The directors of the previous Superman films, Richard Donner and Richard Lester were both allegedly offered directorial duties but declined to return, Donner having been fired by the previous producers, Alexander and Ilya Salkind. Sidney J. Furie was eventually given the job having helmed Iron Eagle the year before. The studio cut the film’s length from 134 minutes to 90 minutes, presumably in order to allow more showings per day thus maximising ticket sales. It was a pointless exercise as the film was a failure both commercially and critically.

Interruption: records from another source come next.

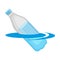 Plastic bottle floats in water. Vector illustration on white background.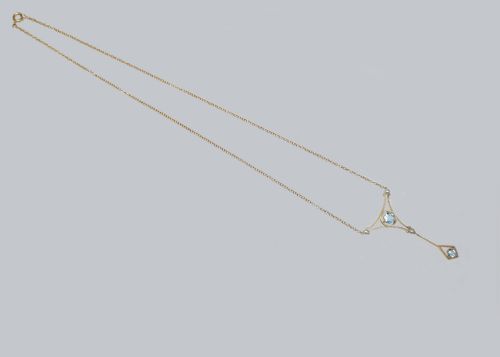 EDWARDIAN AQUAMARINE AND PEARL NECKLACE 15CT GOLD ANTIQUE DROP PENDANT CIRCA 1910 - ADDITIONAL PHOTO 1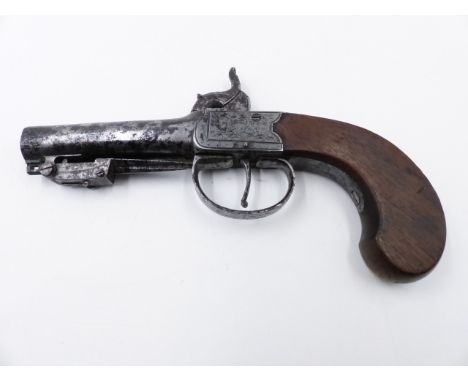 A 19TH CENTURY PERCUSSION POCKET PISTOL BY MORTIMER, LONDON WITH SPRING OPERATED SPIKE BAYONET BELOW THE BARREL.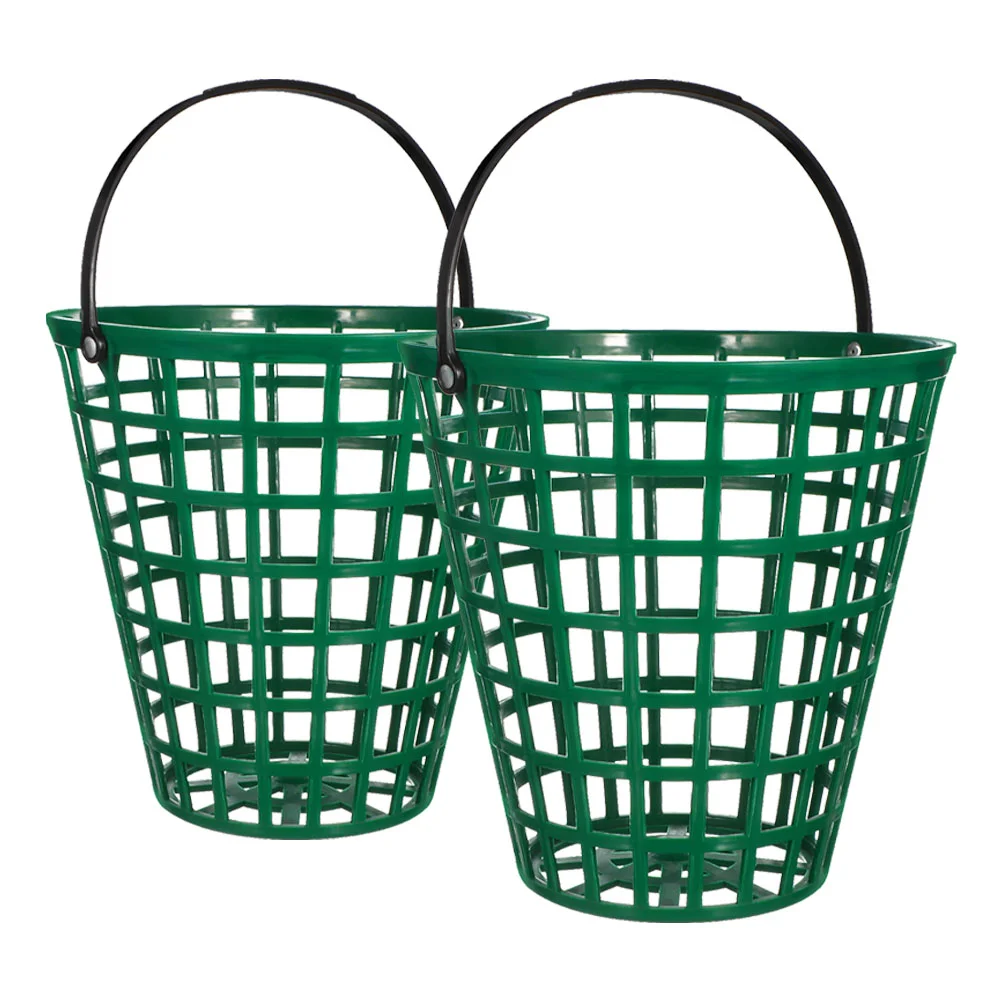 

2 Pcs Golf Ball Collector Pick up Basket Hats Bucket Frame PVC Toys Green Abs Headgear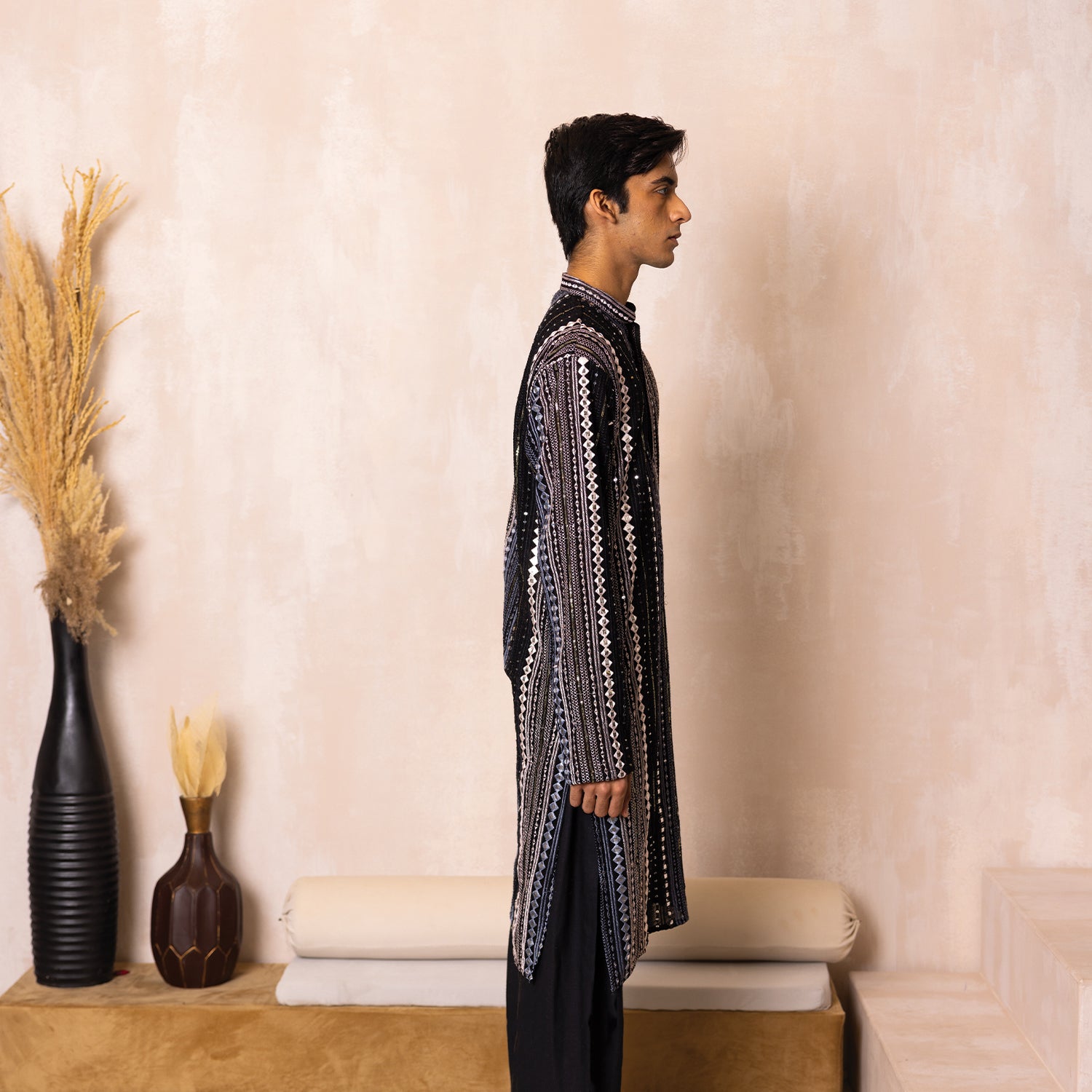 Midnight Black Noir Georgette Kurta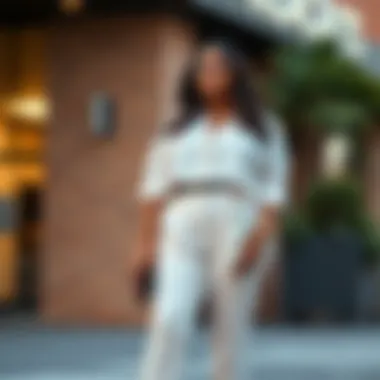 Stylish plus size matching pants set paired with accessories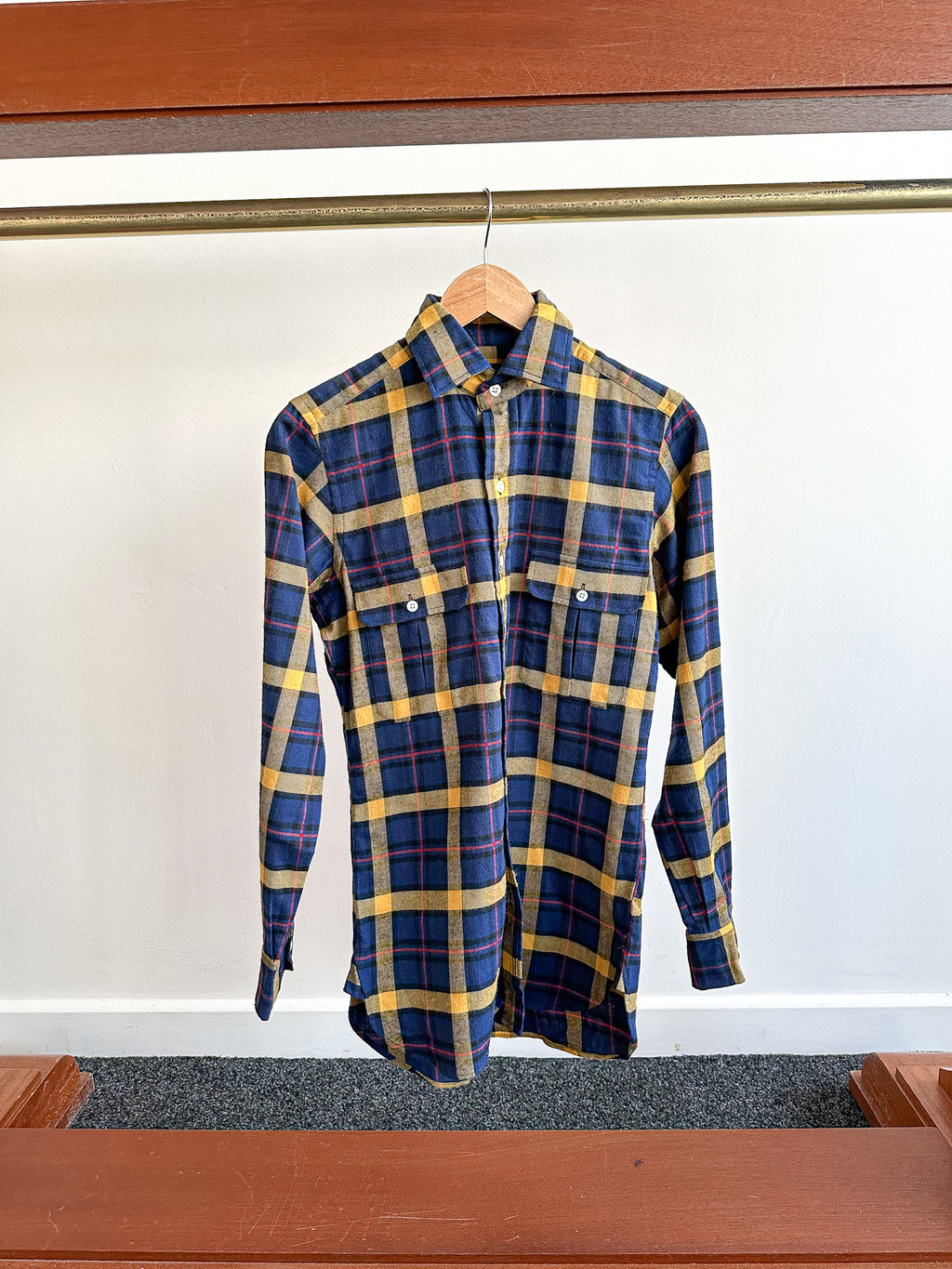 Drake's Navy Yellow Check Twill Work Shirt Overshirt - House Of Huntington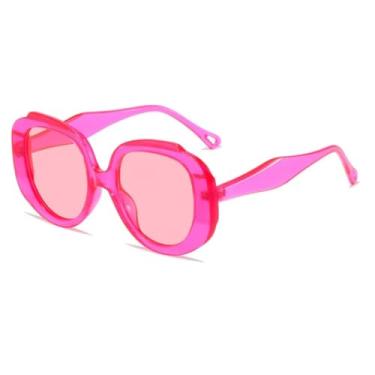 Imagem de HCPIHF Óculos de sol retrô oval da moda, transparente, degradê, UV400, masculino, feminino, estilo punk (rosa-rosa)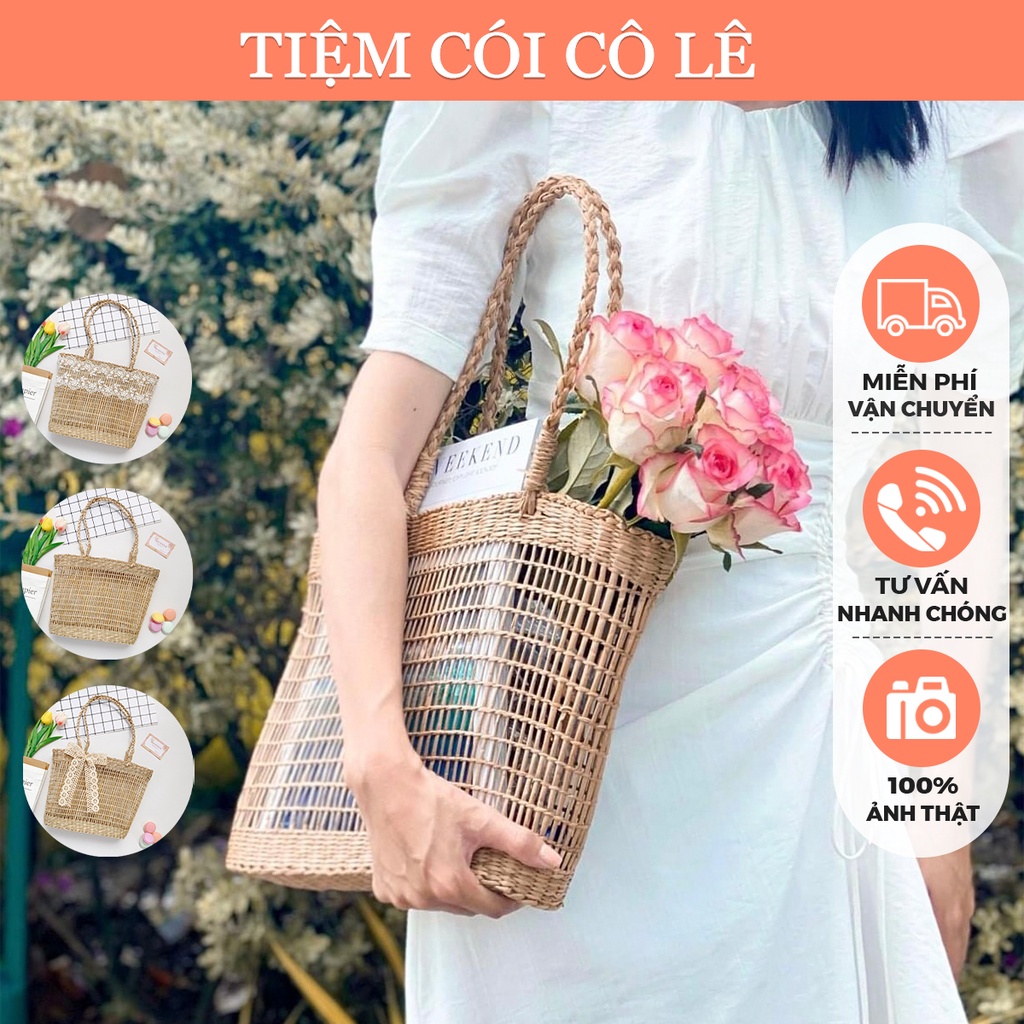 Làn cói song thưa quai bện phụ kiện đi biển chụp ảnh decor - Tiệm Cói Cô Lê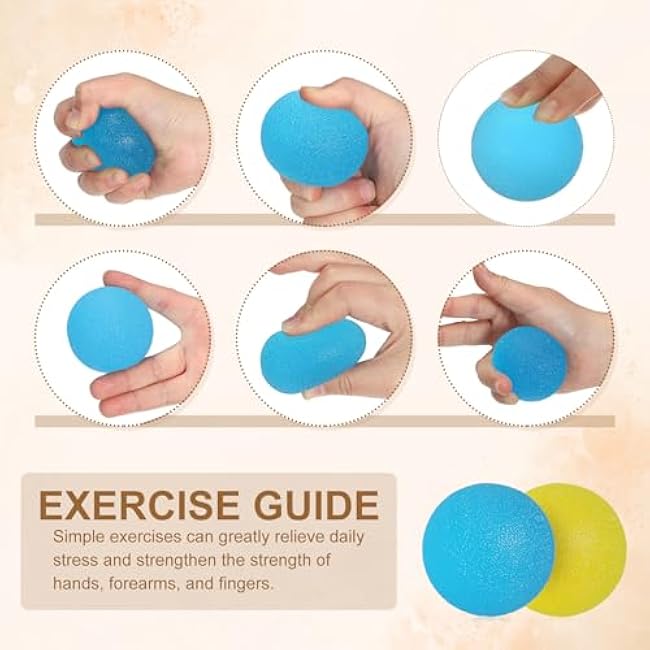 PATIKIL Hand Exercise Balls, Squeeze Balls Stress Ball Adult Grip Strengthening Occupational Equipment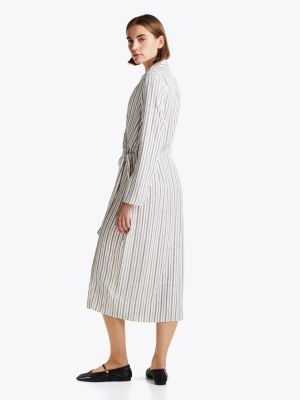 beige collar v-neck midi wrap dress for women tommy hilfiger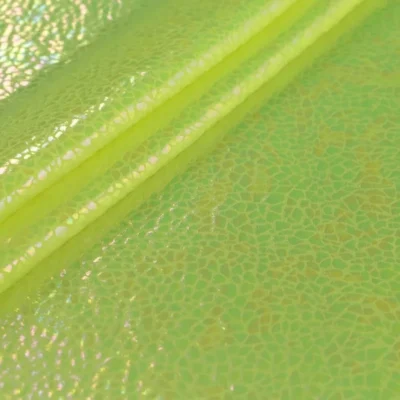 Shattered glass oil slick foil spandex in chartreuse — wholesale fabric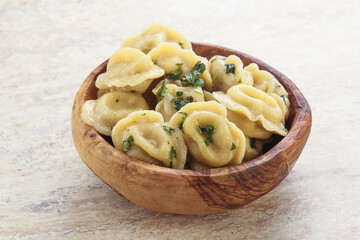 Russian boiled dumplings with meat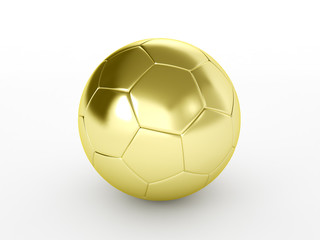 golden soccer ball isolated on white background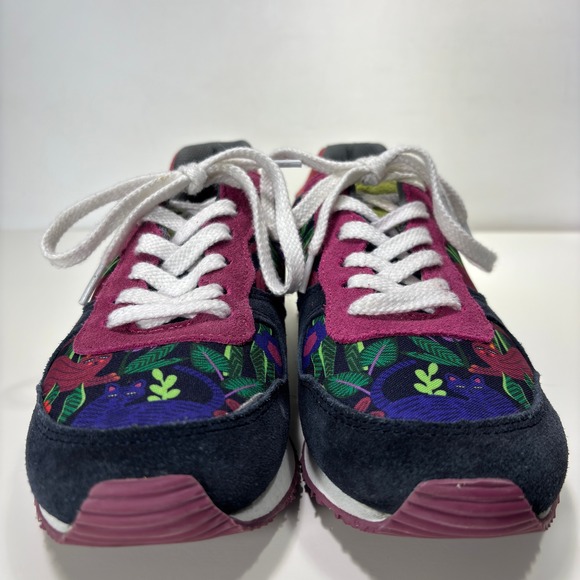 Inkkas Womens Colorful Floral Cat Print Suede Canvas Sneakers Size 7 - Picture 5 of 11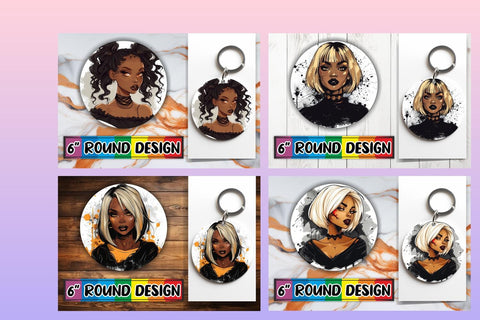 15x Round Design Sublimation Set for Coasters , Halloween Sublimation afrosvg 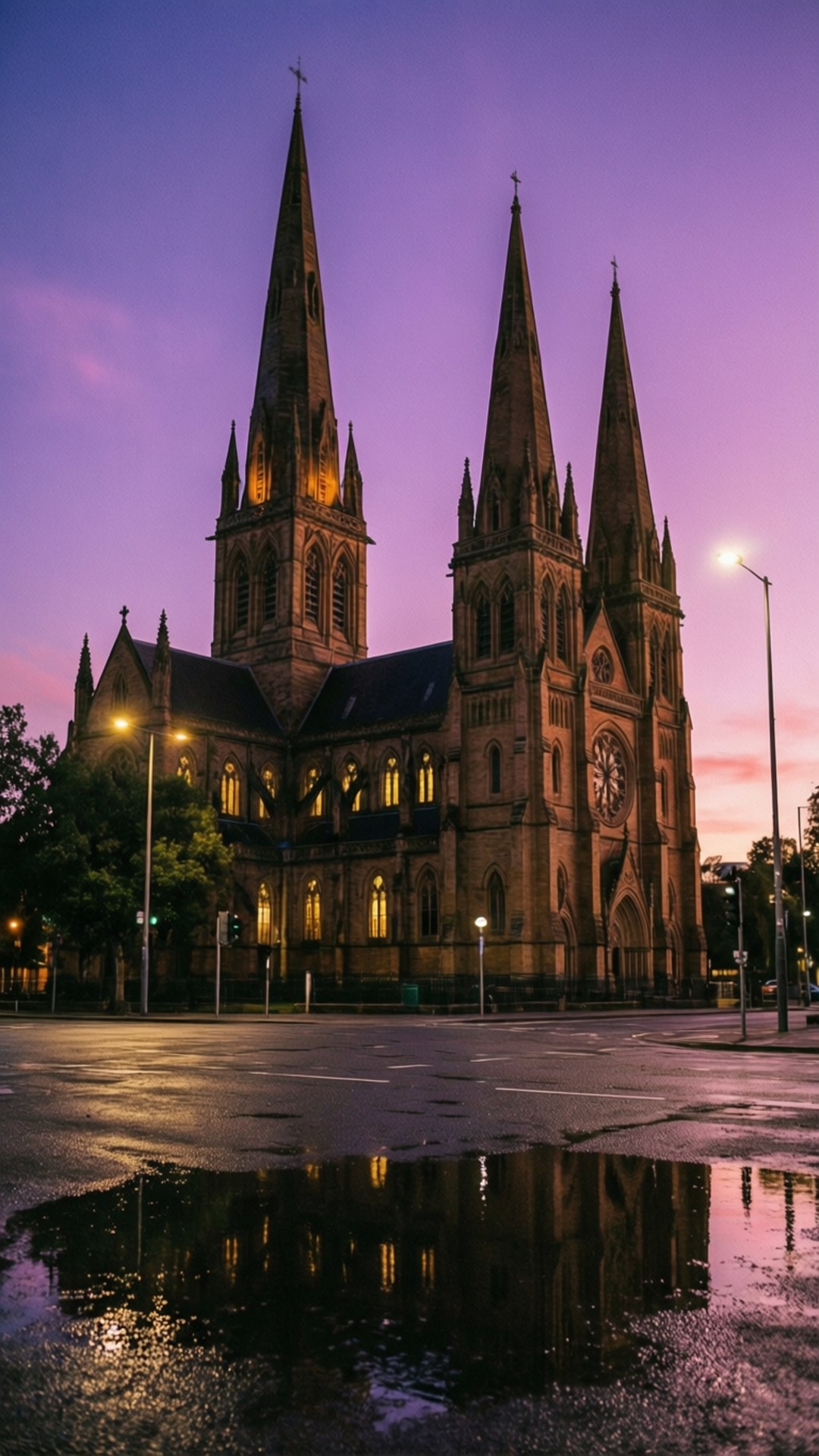 St Peter's Cathedral Twilight 壁紙 — 一座宏偉的哥德式大教堂，有三座尖塔，在暮色天空下被照亮，溫暖的燈光反射在下方雨水浸濕的水坑中。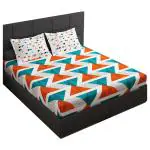 Story@Home Blue & Orange 152 TC Cotton Floral Double Bedsheet with 2 Pillow Covers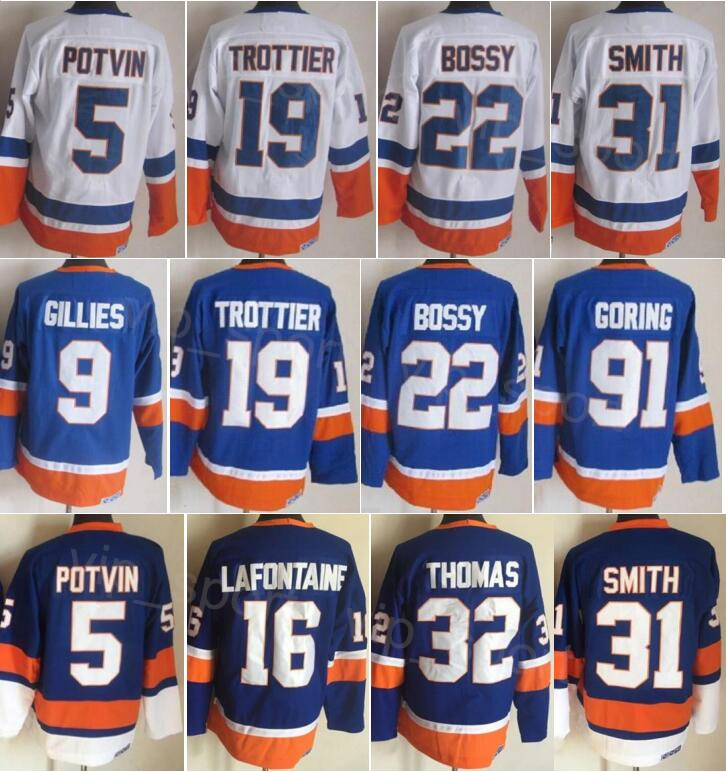 CCM Hockey Retro 32 Steve Thomas Jersey Retire 91 John Tavares 91 Butch Goring 22 Mike Bossy 5 Denis Potvin 9 Clark Gillies 19 Bryan Trottier 31 Billy Smith Vintage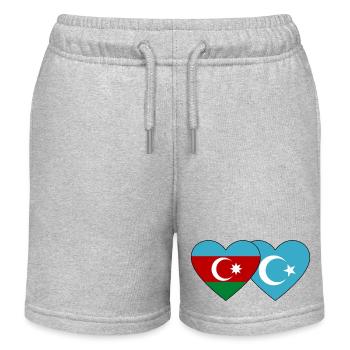 Azerbaïdjan Ouïghours Turkestan oriental Drapeau Cœur - Short de jogging enfant bio Stanley/Stella - gris chiné - Devant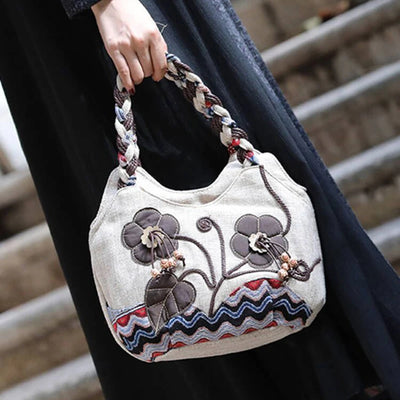 Vintage Linen Handbag for Women National Style Handle Bag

The restricted budget and B-studio origins are apparent from the off with the flimsy quality of the opening titles. The valiant attempts by Alexander Courage (of Star Trek fame no less) to replicate John Williams’ original score falls somewhat short throughout. Following this we have a nice but brief scene where Clark returns to Smallville to arrange the terms of sale of his family homestead. Sadly, Lana Lang has been unceremoniously dumped from this fourth film after being one of the strongest elements of the previous film.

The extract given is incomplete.